[To do] These entries must be printed again exactly as they are.

++++++++++

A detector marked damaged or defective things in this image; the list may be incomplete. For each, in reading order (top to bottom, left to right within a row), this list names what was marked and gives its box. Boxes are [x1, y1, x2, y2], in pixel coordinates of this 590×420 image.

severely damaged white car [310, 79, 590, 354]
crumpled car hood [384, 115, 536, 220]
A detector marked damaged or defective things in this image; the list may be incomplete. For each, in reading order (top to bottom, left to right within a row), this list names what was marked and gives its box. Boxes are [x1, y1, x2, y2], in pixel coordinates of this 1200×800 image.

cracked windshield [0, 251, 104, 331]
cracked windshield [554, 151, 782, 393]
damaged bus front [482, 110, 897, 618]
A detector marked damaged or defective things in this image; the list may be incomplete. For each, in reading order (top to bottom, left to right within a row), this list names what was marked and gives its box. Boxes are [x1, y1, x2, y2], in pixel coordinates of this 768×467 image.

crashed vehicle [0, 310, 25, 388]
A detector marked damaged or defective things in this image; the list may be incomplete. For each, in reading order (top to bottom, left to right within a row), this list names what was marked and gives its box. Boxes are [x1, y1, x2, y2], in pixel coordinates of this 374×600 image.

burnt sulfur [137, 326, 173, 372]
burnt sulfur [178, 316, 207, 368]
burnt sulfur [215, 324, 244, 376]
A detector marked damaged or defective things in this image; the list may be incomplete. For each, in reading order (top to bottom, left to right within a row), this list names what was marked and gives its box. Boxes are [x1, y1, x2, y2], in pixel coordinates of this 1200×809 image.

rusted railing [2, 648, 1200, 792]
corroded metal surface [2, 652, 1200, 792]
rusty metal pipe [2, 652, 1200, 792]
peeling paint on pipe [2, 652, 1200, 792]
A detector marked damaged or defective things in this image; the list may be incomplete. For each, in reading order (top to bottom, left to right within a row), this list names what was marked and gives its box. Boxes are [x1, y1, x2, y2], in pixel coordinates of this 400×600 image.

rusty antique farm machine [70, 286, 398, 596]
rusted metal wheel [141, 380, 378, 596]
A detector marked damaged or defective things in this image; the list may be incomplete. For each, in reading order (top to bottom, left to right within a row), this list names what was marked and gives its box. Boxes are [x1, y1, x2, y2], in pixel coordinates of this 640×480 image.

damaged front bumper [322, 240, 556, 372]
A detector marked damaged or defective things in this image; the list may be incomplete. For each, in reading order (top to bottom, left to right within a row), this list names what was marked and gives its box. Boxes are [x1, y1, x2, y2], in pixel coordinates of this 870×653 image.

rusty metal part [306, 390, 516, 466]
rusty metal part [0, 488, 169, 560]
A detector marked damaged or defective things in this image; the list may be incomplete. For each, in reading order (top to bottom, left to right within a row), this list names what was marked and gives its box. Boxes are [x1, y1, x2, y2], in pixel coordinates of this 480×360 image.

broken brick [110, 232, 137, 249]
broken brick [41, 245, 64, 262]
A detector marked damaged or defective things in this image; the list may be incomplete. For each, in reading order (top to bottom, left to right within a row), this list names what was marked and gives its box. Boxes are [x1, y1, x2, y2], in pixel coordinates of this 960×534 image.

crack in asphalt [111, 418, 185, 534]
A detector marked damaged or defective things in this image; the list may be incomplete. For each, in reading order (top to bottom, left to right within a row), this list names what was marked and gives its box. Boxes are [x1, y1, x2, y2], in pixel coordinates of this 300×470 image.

++++++++++

[Written solution]
A detector marked damaged or defective things in this image; the list may be incomplete. For each, in reading order (top to bottom, left to right within a row), this list names what was marked and gives its box. Boxes are [x1, y1, x2, y2], in pixel coordinates of this 590×420 image.

severely damaged white car [310, 79, 590, 354]
crumpled car hood [384, 115, 536, 220]
A detector marked damaged or defective things in this image; the list may be incomplete. For each, in reading order (top to bottom, left to right within a row), this list names what was marked and gives its box. Boxes are [x1, y1, x2, y2], in pixel coordinates of this 1200×800 image.

cracked windshield [0, 251, 104, 331]
cracked windshield [554, 151, 782, 393]
damaged bus front [482, 110, 897, 618]
A detector marked damaged or defective things in this image; the list may be incomplete. For each, in reading order (top to bottom, left to right within a row), this list names what was marked and gives its box. Boxes are [x1, y1, x2, y2], in pixel coordinates of this 768×467 image.

crashed vehicle [0, 310, 25, 388]
A detector marked damaged or defective things in this image; the list may be incomplete. For each, in reading order (top to bottom, left to right within a row), this list names what was marked and gives its box. Boxes are [x1, y1, x2, y2], in pixel coordinates of this 374×600 image.

burnt sulfur [137, 326, 173, 372]
burnt sulfur [178, 316, 207, 368]
burnt sulfur [215, 324, 244, 376]
A detector marked damaged or defective things in this image; the list may be incomplete. For each, in reading order (top to bottom, left to right within a row), this list names what was marked and gives its box. Boxes are [x1, y1, x2, y2], in pixel coordinates of this 1200×809 image.

rusted railing [2, 648, 1200, 792]
corroded metal surface [2, 652, 1200, 792]
rusty metal pipe [2, 652, 1200, 792]
peeling paint on pipe [2, 652, 1200, 792]
A detector marked damaged or defective things in this image; the list may be incomplete. For each, in reading order (top to bottom, left to right within a row), this list names what was marked and gives its box. Boxes are [x1, y1, x2, y2], in pixel coordinates of this 400×600 image.

rusty antique farm machine [70, 286, 398, 596]
rusted metal wheel [141, 380, 378, 596]
A detector marked damaged or defective things in this image; the list may be incomplete. For each, in reading order (top to bottom, left to right within a row), this list names what was marked and gives its box. Boxes are [x1, y1, x2, y2], in pixel coordinates of this 640×480 image.

damaged front bumper [322, 240, 556, 372]
A detector marked damaged or defective things in this image; the list may be incomplete. For each, in reading order (top to bottom, left to right within a row), this list names what was marked and gives its box. Boxes are [x1, y1, x2, y2], in pixel coordinates of this 870×653 image.

rusty metal part [306, 390, 516, 466]
rusty metal part [0, 488, 169, 560]
A detector marked damaged or defective things in this image; the list may be incomplete. For each, in reading order (top to bottom, left to right within a row), this list names what was marked and gives its box. Boxes are [x1, y1, x2, y2], in pixel coordinates of this 480×360 image.

broken brick [110, 232, 137, 249]
broken brick [41, 245, 64, 262]
A detector marked damaged or defective things in this image; the list may be incomplete. For each, in reading order (top to bottom, left to right within a row), this list names what was marked and gives its box. Boxes are [x1, y1, x2, y2], in pixel coordinates of this 960×534 image.

crack in asphalt [111, 418, 185, 534]
A detector marked damaged or defective things in this image; the list may be incomplete. For each, in reading order (top to bottom, left to right within a row), this list names what was marked and gives its box. Boxes are [x1, y1, x2, y2], in pixel coordinates of this 300×470 image.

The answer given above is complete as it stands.